Divided 112th Congress likely to struggle with budget and spending process
President Obama's deficit commission could help Republicans and Democrats find common ground, observer notes.
With the Republicans set to take the majority in the House next year, Tuesday's election left a dark cloud over the budget and appropriations process for next year, according to budget experts.
Even if the Republican-led House and the Democratic Senate both manage to pass budget proposals next year, they would have a hard time agreeing on a single blueprint.
"You would imagine it would be very difficult to reconcile if the House and Senate each are able to pass a budget resolution individually…given the pledges [House Republicans] have made for deep cuts in spending…and no increases in revenues," said Jim Horney, who was deputy Democratic staff director on the Senate Budget Committee from 2001 to 2004, and now directs federal fiscal policy at the Center on Budget and Policy Priorities.
"It is hard to imagine that the Democrats would go along with a plan that has really deep cuts in a whole variety of programs and assumes that" the 2001 and 2003 tax cuts are extended for all taxpayers, Horney continued.
Bill Hoagland, who was policy advisor and top budget aide to former Senate Majority Leader Bill Frist, R-Tenn., was also skeptical about next year's budget and spending cycle.
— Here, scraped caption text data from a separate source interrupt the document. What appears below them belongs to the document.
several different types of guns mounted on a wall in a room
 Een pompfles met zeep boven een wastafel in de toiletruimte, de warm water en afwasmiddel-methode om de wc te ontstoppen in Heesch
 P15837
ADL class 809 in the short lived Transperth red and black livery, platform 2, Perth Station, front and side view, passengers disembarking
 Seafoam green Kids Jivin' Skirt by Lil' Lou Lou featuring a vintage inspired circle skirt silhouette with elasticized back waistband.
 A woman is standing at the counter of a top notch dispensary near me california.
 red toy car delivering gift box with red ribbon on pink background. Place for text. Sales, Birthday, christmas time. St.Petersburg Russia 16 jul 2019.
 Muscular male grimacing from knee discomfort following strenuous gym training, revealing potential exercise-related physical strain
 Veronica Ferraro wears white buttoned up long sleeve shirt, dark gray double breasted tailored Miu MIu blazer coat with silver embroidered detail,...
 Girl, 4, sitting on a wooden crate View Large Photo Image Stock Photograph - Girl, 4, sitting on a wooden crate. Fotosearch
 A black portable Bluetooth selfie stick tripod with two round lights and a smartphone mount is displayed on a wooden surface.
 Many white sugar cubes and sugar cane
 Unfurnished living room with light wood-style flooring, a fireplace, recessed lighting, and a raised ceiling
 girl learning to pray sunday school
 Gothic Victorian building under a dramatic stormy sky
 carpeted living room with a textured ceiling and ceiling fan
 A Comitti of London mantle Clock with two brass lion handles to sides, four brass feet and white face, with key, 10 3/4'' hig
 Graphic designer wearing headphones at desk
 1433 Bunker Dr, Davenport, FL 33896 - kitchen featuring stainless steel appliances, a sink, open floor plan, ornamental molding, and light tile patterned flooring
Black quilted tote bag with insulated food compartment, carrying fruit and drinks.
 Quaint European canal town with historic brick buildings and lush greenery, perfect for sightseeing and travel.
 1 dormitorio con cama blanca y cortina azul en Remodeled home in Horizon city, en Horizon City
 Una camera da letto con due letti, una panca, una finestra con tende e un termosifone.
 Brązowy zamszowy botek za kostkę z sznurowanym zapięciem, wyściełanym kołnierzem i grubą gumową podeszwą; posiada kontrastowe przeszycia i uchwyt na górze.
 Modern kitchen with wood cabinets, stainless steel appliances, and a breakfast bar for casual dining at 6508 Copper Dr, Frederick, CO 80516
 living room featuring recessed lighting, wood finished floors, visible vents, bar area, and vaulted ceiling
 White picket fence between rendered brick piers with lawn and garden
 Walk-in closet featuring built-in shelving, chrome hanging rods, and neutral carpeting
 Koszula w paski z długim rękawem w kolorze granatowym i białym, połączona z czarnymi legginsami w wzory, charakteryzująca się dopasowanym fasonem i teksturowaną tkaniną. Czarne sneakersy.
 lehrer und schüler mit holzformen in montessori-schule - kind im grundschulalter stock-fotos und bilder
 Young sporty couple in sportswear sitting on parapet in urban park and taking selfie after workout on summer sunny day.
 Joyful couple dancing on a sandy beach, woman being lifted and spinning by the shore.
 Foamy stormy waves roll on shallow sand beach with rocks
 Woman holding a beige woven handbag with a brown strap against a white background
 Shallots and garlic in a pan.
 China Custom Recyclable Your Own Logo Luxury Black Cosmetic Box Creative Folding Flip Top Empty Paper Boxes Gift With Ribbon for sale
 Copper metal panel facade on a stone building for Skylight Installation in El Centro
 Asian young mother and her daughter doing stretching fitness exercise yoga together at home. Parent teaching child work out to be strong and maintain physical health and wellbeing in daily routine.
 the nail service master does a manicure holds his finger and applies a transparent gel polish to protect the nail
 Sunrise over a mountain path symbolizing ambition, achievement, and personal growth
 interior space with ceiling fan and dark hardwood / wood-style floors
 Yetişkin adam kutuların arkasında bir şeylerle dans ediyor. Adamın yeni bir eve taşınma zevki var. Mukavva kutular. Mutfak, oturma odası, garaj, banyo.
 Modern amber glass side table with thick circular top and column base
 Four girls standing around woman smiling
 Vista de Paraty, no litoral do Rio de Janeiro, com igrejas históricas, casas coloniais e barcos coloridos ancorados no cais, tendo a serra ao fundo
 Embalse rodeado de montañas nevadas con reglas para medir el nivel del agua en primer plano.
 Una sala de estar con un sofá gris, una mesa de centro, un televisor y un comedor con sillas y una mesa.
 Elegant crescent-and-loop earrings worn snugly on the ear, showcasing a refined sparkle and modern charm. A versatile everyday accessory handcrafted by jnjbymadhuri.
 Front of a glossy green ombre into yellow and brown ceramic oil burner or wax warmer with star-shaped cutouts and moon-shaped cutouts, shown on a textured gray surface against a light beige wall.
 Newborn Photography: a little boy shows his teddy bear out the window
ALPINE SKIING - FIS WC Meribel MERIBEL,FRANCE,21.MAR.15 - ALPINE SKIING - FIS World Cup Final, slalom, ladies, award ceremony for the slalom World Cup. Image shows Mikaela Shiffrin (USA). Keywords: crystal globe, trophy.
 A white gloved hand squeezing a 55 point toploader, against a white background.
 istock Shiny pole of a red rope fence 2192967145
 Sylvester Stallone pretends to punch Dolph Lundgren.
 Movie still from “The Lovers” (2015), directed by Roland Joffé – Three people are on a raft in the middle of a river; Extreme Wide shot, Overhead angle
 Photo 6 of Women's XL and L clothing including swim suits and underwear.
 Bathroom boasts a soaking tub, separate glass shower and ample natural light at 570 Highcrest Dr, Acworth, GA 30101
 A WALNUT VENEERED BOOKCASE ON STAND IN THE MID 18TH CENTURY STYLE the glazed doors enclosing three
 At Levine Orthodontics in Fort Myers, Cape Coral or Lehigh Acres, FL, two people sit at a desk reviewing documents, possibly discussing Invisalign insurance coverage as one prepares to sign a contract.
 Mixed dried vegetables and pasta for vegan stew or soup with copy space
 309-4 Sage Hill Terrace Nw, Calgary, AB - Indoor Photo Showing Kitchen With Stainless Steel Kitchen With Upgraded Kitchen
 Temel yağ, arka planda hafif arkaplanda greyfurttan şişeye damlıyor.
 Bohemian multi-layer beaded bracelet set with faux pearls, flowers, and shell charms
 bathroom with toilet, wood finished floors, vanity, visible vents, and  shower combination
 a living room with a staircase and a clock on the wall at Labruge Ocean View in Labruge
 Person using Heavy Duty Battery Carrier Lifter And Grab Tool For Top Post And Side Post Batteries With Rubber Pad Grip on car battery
But Hoagland held out hope that common ground could be reached after the President Obama's deficit commission weighs in December 1. The commission was created by an executive order and is charged with making recommendations to Congress on how to reduce the deficit. Democratic leaders have pledged to take up the panel's recommendations, but any recommendation will need the vote of 14 out of 18 members - a hurdle that may be too high.
"If they can't get to 14 votes, but they have various areas of the budget where they felt they reached consensus, I assume the president incorporates those into the budget he submits," Hoagland said. "Then I think you increase the opportunity for putting together-one can always hope-a bipartisan budget that would allow the president to pivot a little bit on spending and would allow Republicans to claim they have changed the focus of fiscal policy, and everybody gains something in the end."
Hoagland is working on the Bipartisan Policy Center's deficit commission, which is led by former Senate Budget Committee Chairman Pete Domenici, R-N.M., and Alice Rivlin, who has led both the Office of Management and Budget and the Congressional Budget Office.
The commission is scheduled to release its recommendations on November 17.